Autorretrato de un demonio: la serie secreta de Marcial Maciel

Tengo una joya en mis manos: una serie de televisión que estelarizó Marcial Maciel unos años antes de morir. Los Legionarios de Cristo la grabaron entre los años 2002 y 2003, retratándolo como un héroe de la fe y, ocasionalmente, como una víctima de calumnias y malentendidos que se denunciaban en la prensa. Para cuando se produjo esta serie, el mundo ya sabía que Maciel era un pederasta que había abusado de niños y adolescentes que estaban a su cuidado. Sin embargo, Nuestro Padre, como solían llamarlo, y su corte de fieles asumían que todavía era posible sostener aquel mito de que era un santo en vida, de que los testimonios de sus delitos eran una mera conspiración contra la Iglesia católica.

Los Legionarios de Cristo grabaron diecinueve capítulos, de entre diecisiete y veintiséis minutos de duración, en los que Maciel es el protagonista. La serie cuenta su vida desde su nacimiento en 1920 hasta 1950, cuando se establece en Roma con sus jóvenes seminaristas. No me detendré en cada uno de estos episodios, de los que tengo transcripciones fieles y detalladas: las falsificaciones y omisiones exceden los alcances de esta nota. Me centraré, en cambio, en describir las contradicciones más evidentes entre el mito y la historia que se ha contado del fundador de los Legionarios de Cristo, que se narra en esta serie que nunca vio la luz. La congregación terminaría enlatando el que hubiera sido el proyecto televisivo más importante de su fundador.

Maciel promovió la castidad, se hizo pasar por santo y construyó una organización sectaria que controlaba cada hora de la vida de sus integrantes. Al mismo tiempo, abusaba de menores de edad, tenía esposas e hijos y corrompía a obispos y cardenales. Todo mientras se daba la gran vida en los mejores hoteles de Estados Unidos y Europa. La divisa de su organización religiosa era instaurar el reino de Cristo en la tierra.

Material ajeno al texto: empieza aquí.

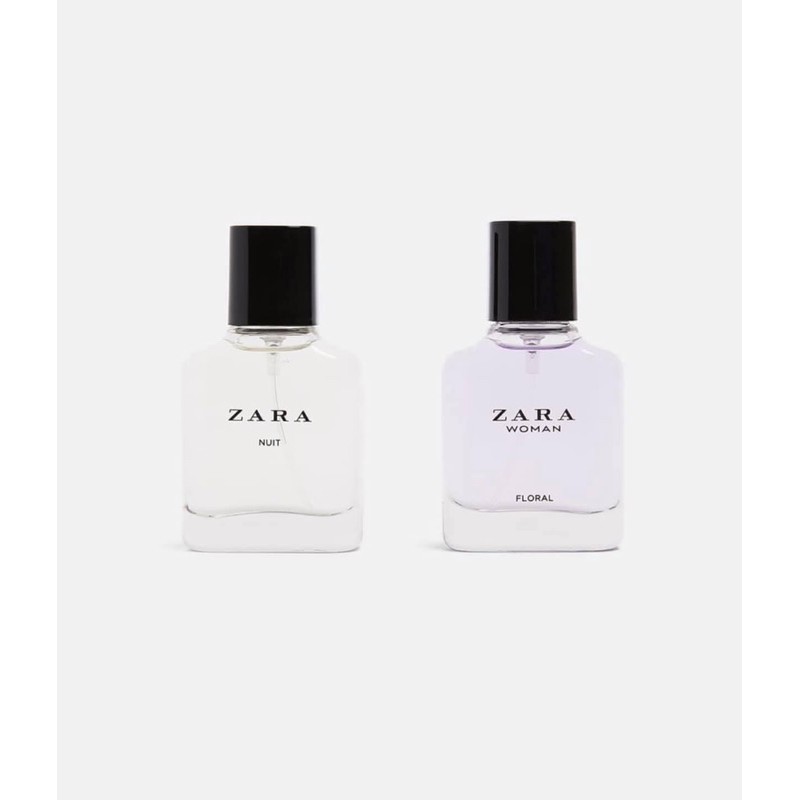 set nước hoa zara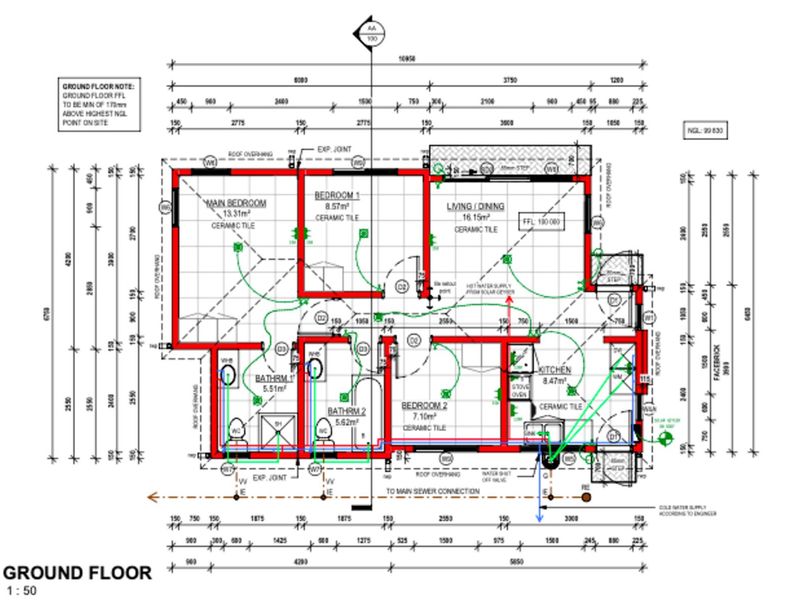House For Sale in The Orchards - Photo 2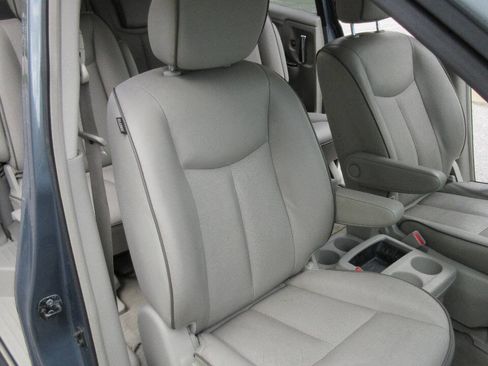Used 2011 Nissan Quest SL w/ Bose Pkg image 31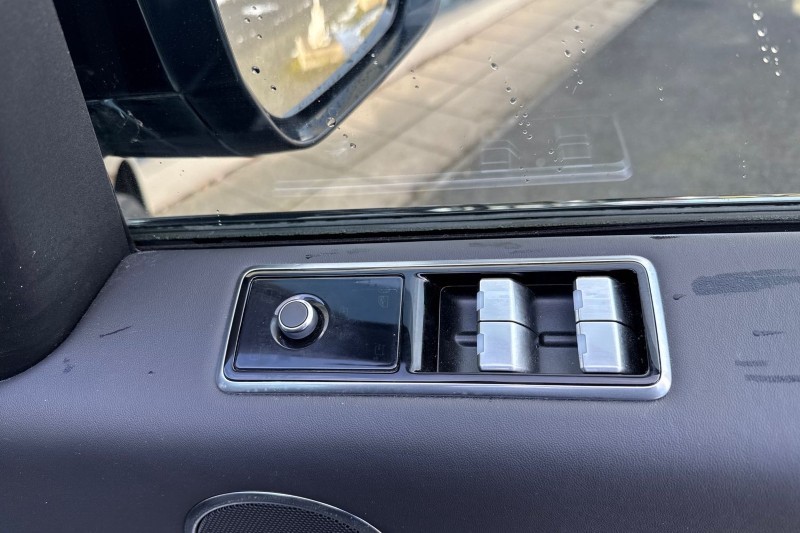 2022 (71) LAND ROVER RANGE ROVER SPORT 2.0 P400e HSE Dynamic Black 5dr Auto 4916717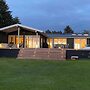 5 Star Holiday Home in Hillerod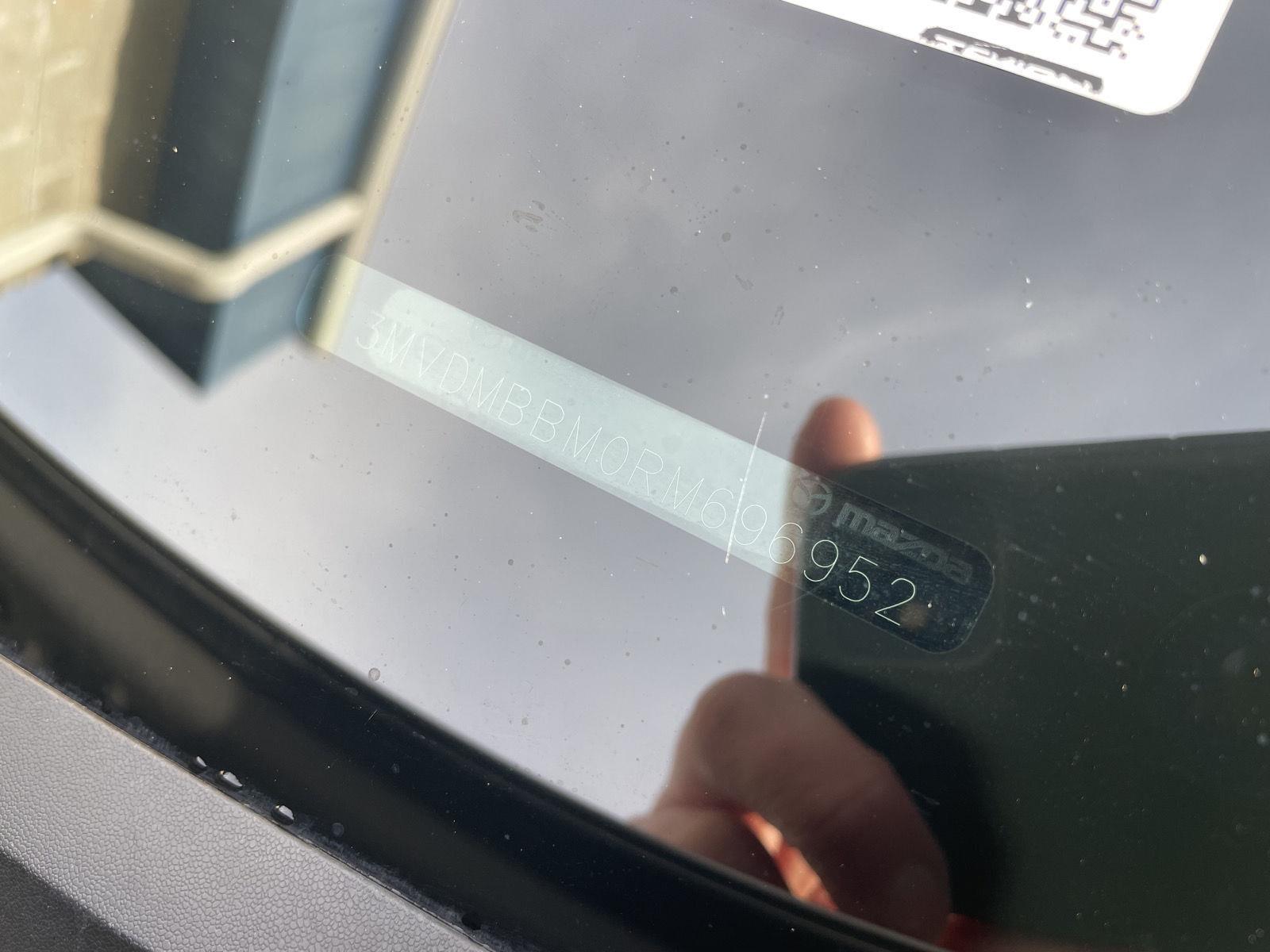 Used 2024 Mazda CX-30 for sale in Lincoln NE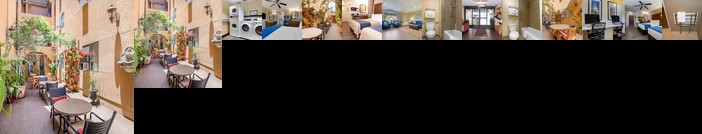 Comfort Inn Gaslamp Convention Center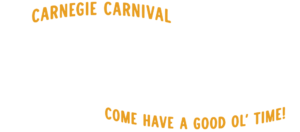 Carnegie Carnival Visitor Information - Come have a good old time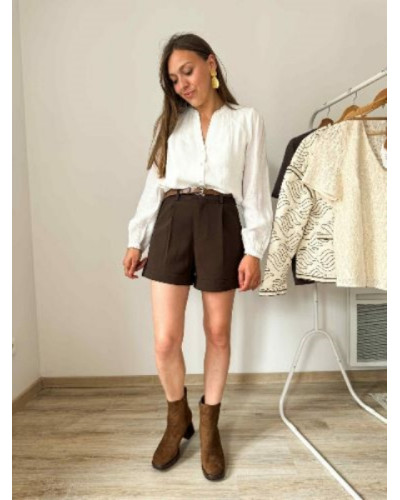 short marron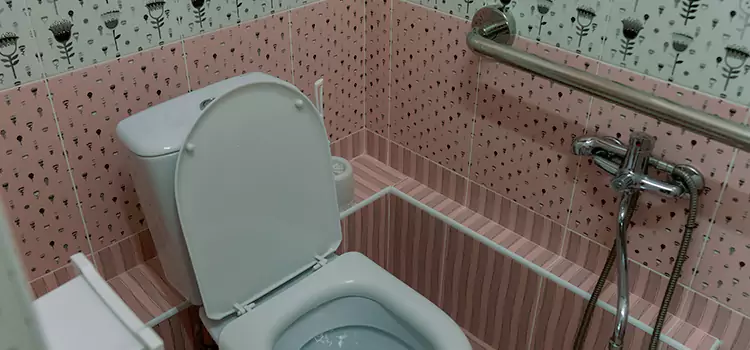 Meeting Diverse Needs With Accessible Restroom Solutions in Liberal, KS
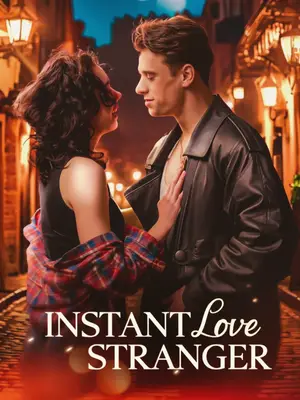 Amor Instantâneo Com Estranho (Curta metragem 12min)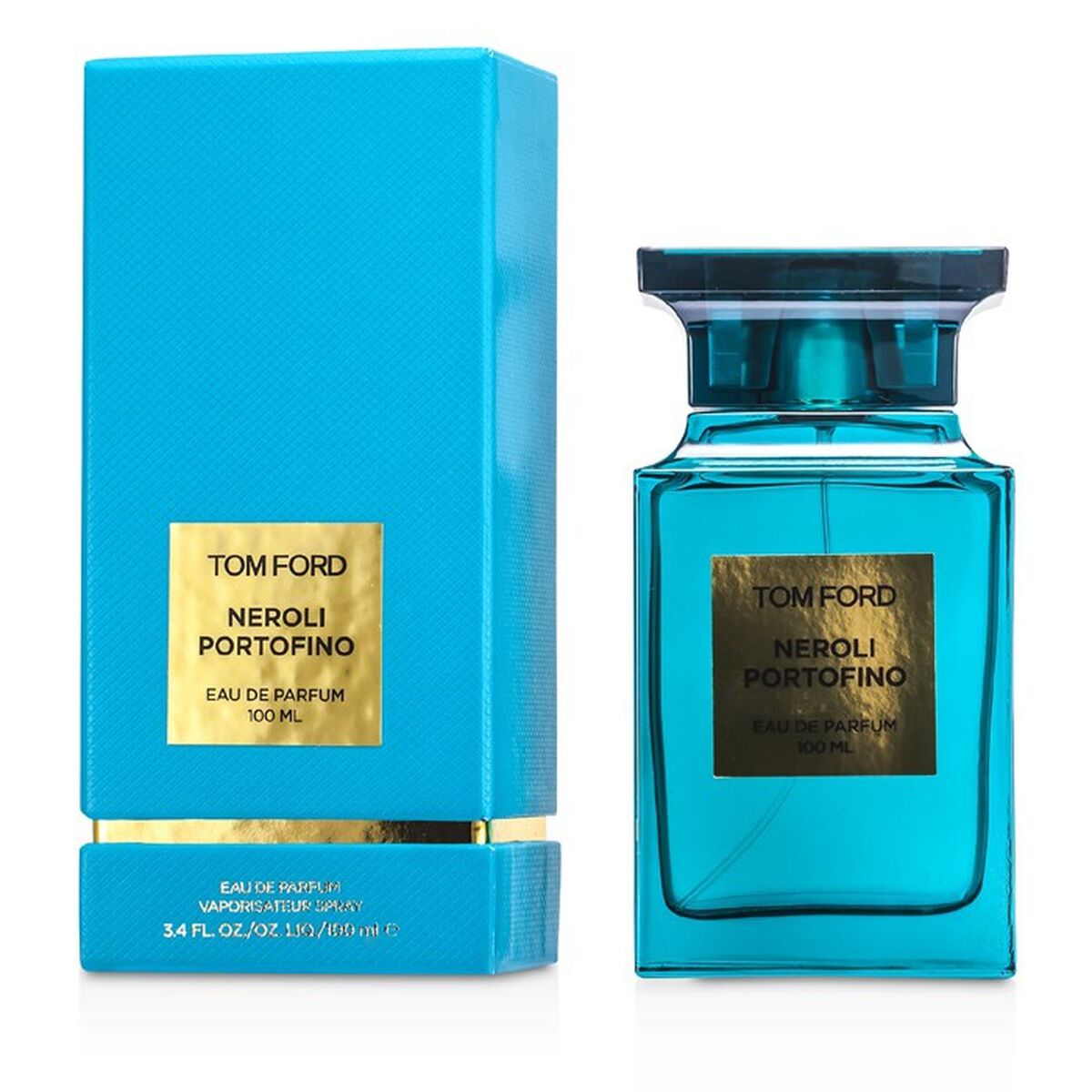 Women's Perfume Tom Ford Neroli Portofino Neroli Portofino EDP Beauty, Perfumes and fragrances Tom Ford | Luxus Aroma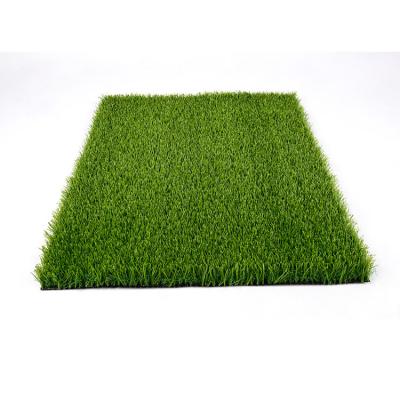 China Synthetic Artificial Lawn Turf Grass Cricket Sports Landscape Grass 35mm en venta
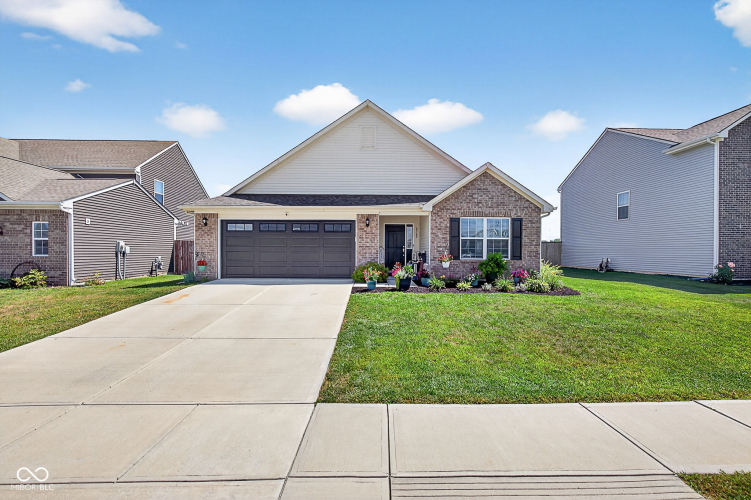 Homes For Sale in Pendleton, Indiana & Real Estate (UPDATED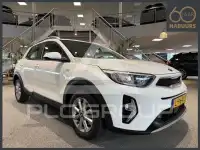 2020 KIA Stonic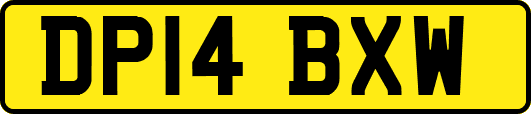 DP14BXW
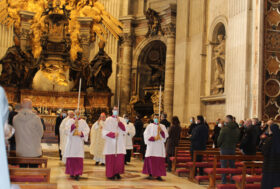 Gli allevatori: Sant’Antonio Abate apre i nostri cuori e ci sostiene anche nelle difficoltà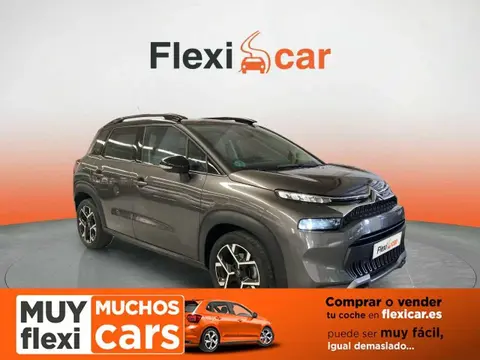 Used CITROEN C3 AIRCROSS Diesel 2022 Ad 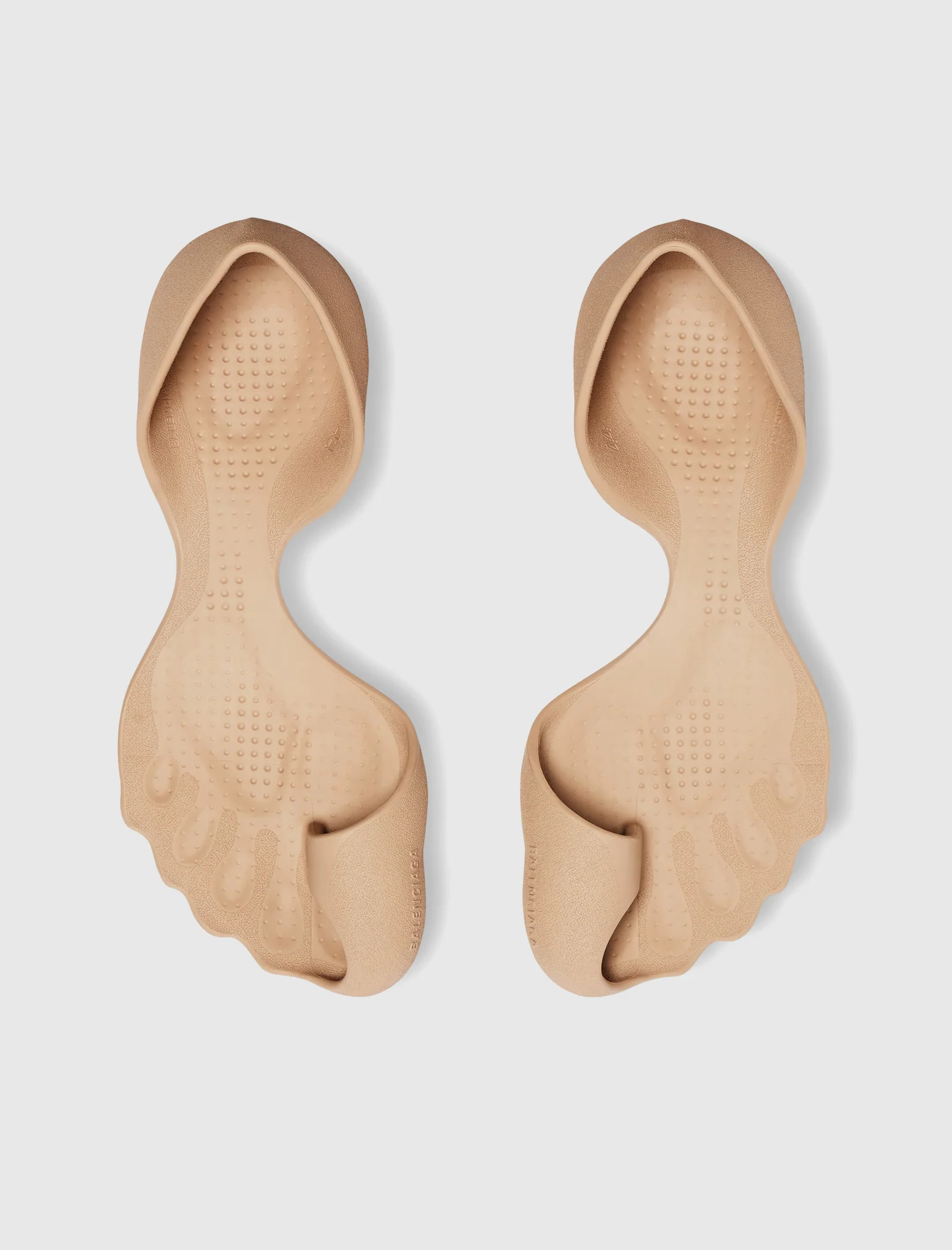 ZERO SNEAKER "BEIGE" - Image 3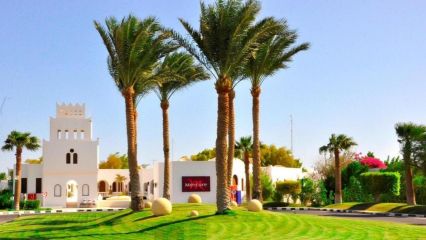 Mercure Hurghada
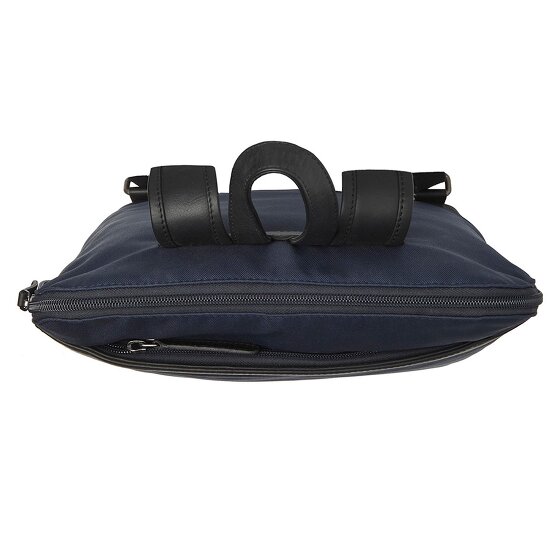 The Chesterfield Brand Nesna City Rucksack 26 cm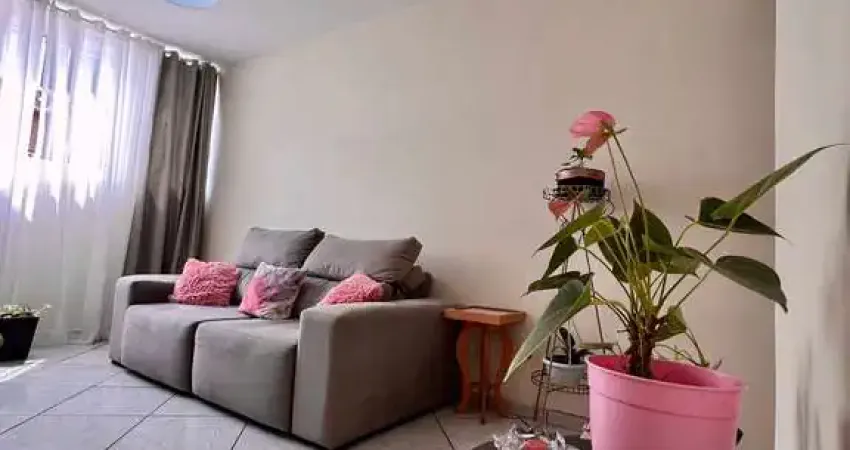 Apartamento à venda na Rua Inácio Bastos, Bucarein, Joinville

En cambio, Maciel se construyó su propio imperio, que llegó a estar valuado en veinticinco mil millones de dólares, entre colegios privados, bienes raíces e inversiones en paraísos fiscales. Descubrió un mecanismo que lo mantuvo a flote durante décadas: hacerse la víctima. A sus seminaristas les pedía aliviarle sus “grandes dolores” con masajes genitales. Esas conductas llegaron a oídos del Vaticano a fines de los años cuarenta. Desde entonces se dijo víctima de conspiraciones y envidias. No en contra suya, en contra del plan de Dios.

En 1997, un grupo de ocho exlegionarios denunció a Maciel como pederasta. Los ocho denunciantes fueron Félix Alarcón, José Antonio Pérez Olvera, Fernando Pérez Olvera, Juan José Vaca, Saúl Barrales, Alejandro Espinosa, Arturo Jurado y José Barba. Lo hicieron ante un diario de Estados Unidos y después ante un pequeño canal de la televisión mexicana. Conservo en mi recuerdo la conmoción que provocó la escena: hombres maduros contando el abuso a sus cuerpos adolescentes ocurrido cuarenta o cincuenta años atrás. Escribo estas líneas para refrescar la historia que sacudió a mi generación y que ahora apenas se recuerda. El olvido abona la tierra de la impunidad. Porque Maciel no actuó solo: otros legionarios, jerarcas católicos, líderes políticos y magnates lo protegieron a pesar de las denuncias de las víctimas.